**What is being asked:**
Print the records below exactly, from the line containing "Boyun Askılı Bluetooth" down to the line containing "Tibetan Copper Lotus", both lines included, and omit every picture.

**Source material:**
--------------------------------------------------

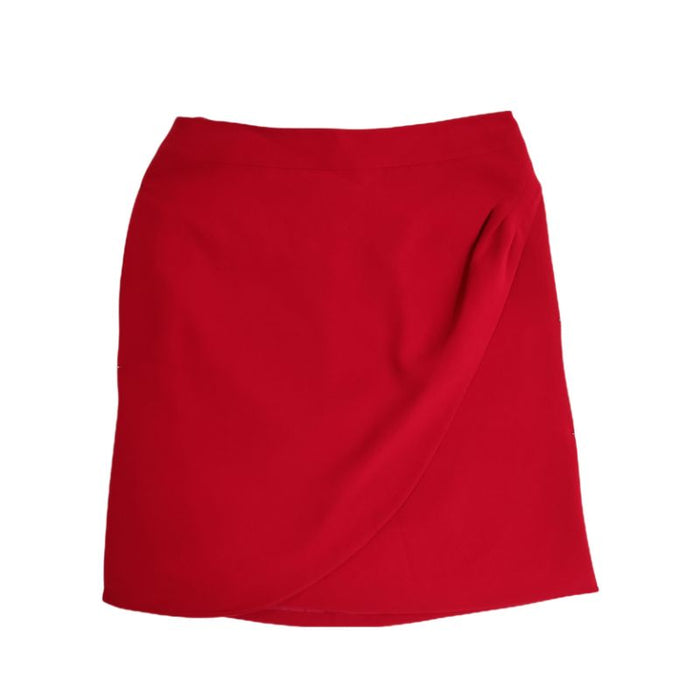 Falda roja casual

--------------------------------------------------

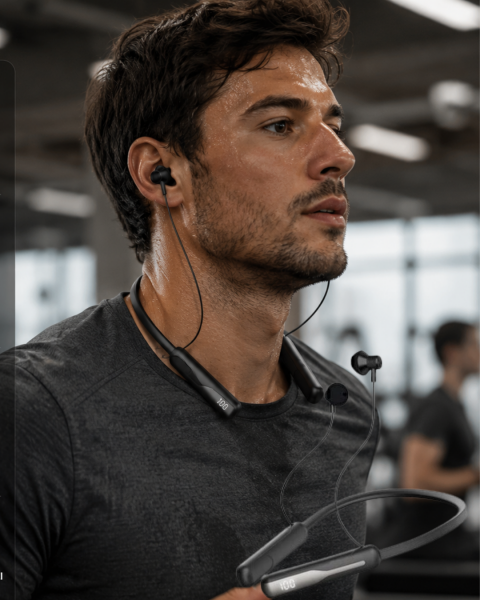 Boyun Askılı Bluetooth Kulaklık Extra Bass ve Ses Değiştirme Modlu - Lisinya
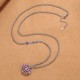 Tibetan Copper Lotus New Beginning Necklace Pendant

--------------------------------------------------

**Output for this exercise:**
 Boyun Askılı Bluetooth Kulaklık Extra Bass ve Ses Değiştirme Modlu - Lisinya
 Tibetan Copper Lotus New Beginning Necklace Pendant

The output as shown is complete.